### [Aim of the task]
The output should be every line below, retyped exactly, with no images.

### [Source data]

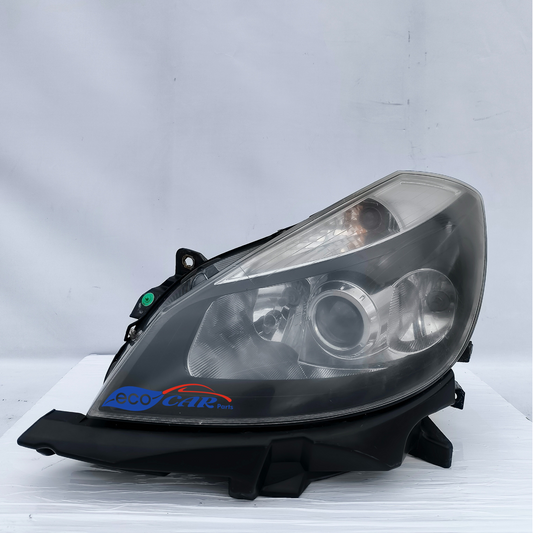 Left front headlight Xenon Renault Clio year 2009 has a broken clip ecoAG7017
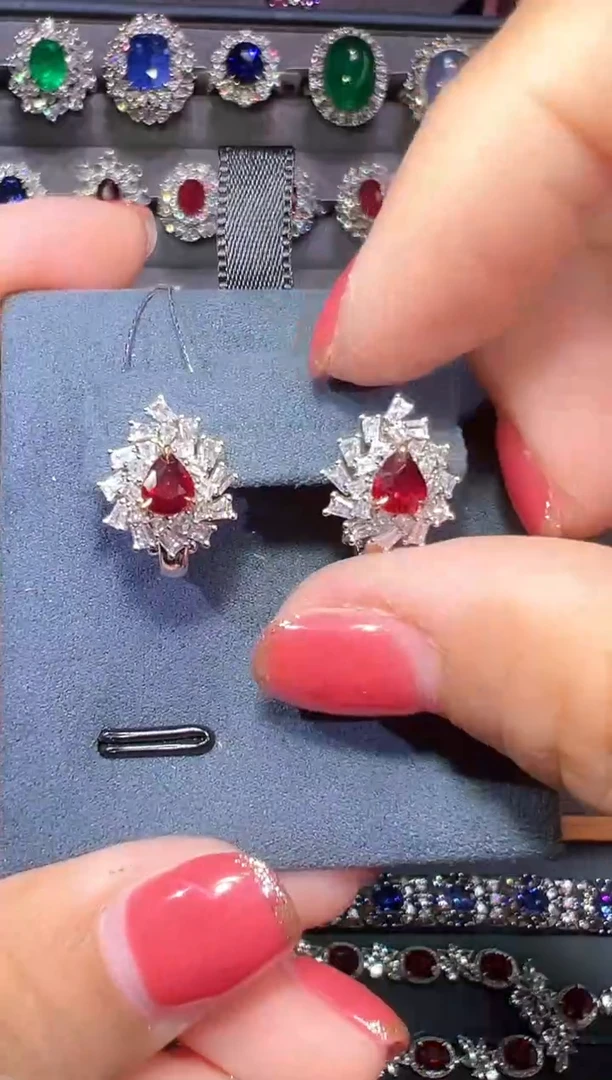 18K金镶嵌耳钉红宝石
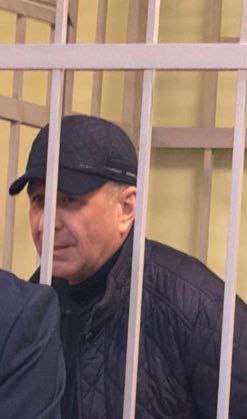 Адвоката Жеребятьева которого вчера хлопнули фейсы утром допросили в следственном комитете и предъявили обвинение в покушении на особо крупное мошенничество три млн кому то в надзорное ведомство обещал занести Вину Жеребятьев признал в полном объеме опыт не пропьешь в настоящий момент в суде решается вопрос о мере пресечения Следствие просит домашний арест Режем браслет рвем на Кипр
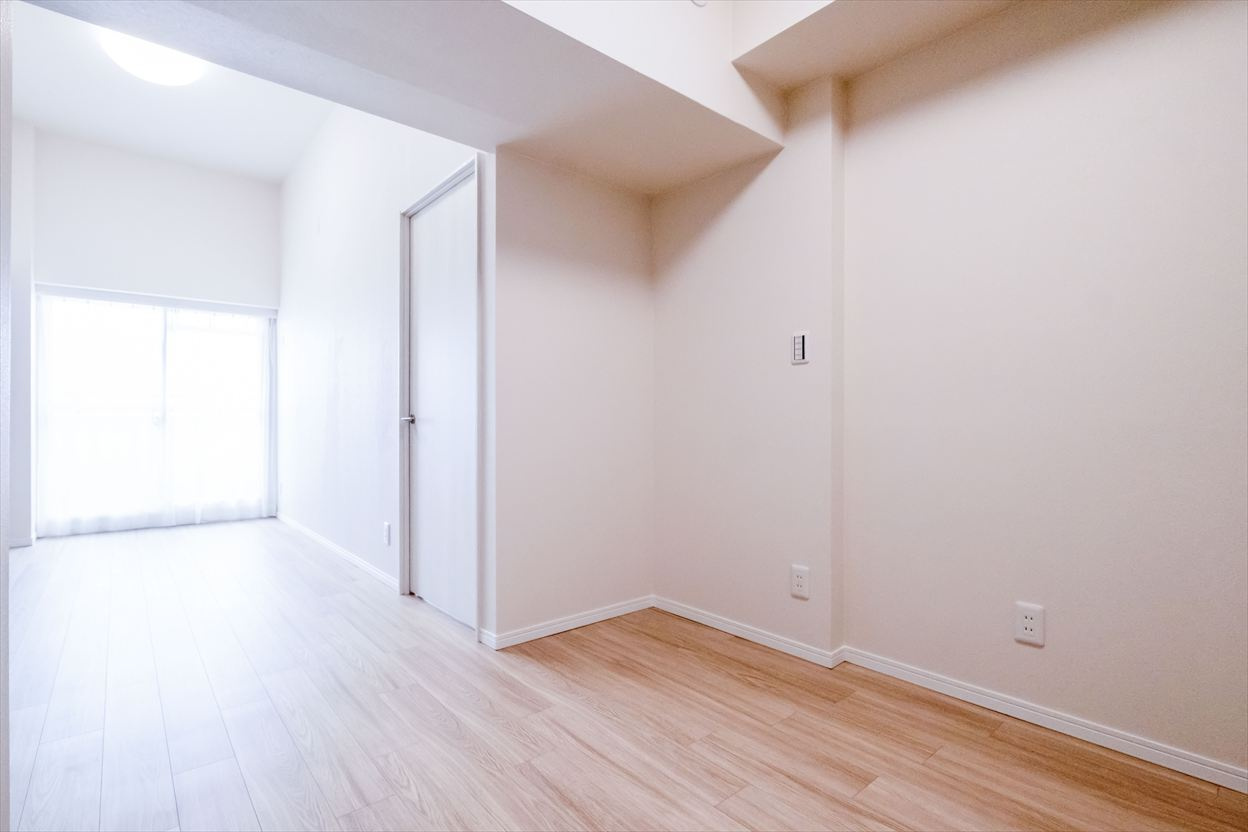 リプレ川口一番街６号棟の居間・リビング|明るいリビングです　東向き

### [Result of the exercise]
 Left front headlight Xenon Renault Clio year 2009 has a broken clip ecoAG7017
 18K金镶嵌耳钉红宝石
 Адвоката Жеребятьева которого вчера хлопнули фейсы утром допросили в следственном комитете и предъявили обвинение в покушении на особо крупное мошенничество три млн кому то в надзорное ведомство обещал занести Вину Жеребятьев признал в полном объеме опыт не пропьешь в настоящий момент в суде решается вопрос о мере пресечения Следствие просит домашний арест Режем браслет рвем на Кипр
 リプレ川口一番街６号棟の居間・リビング|明るいリビングです　東向き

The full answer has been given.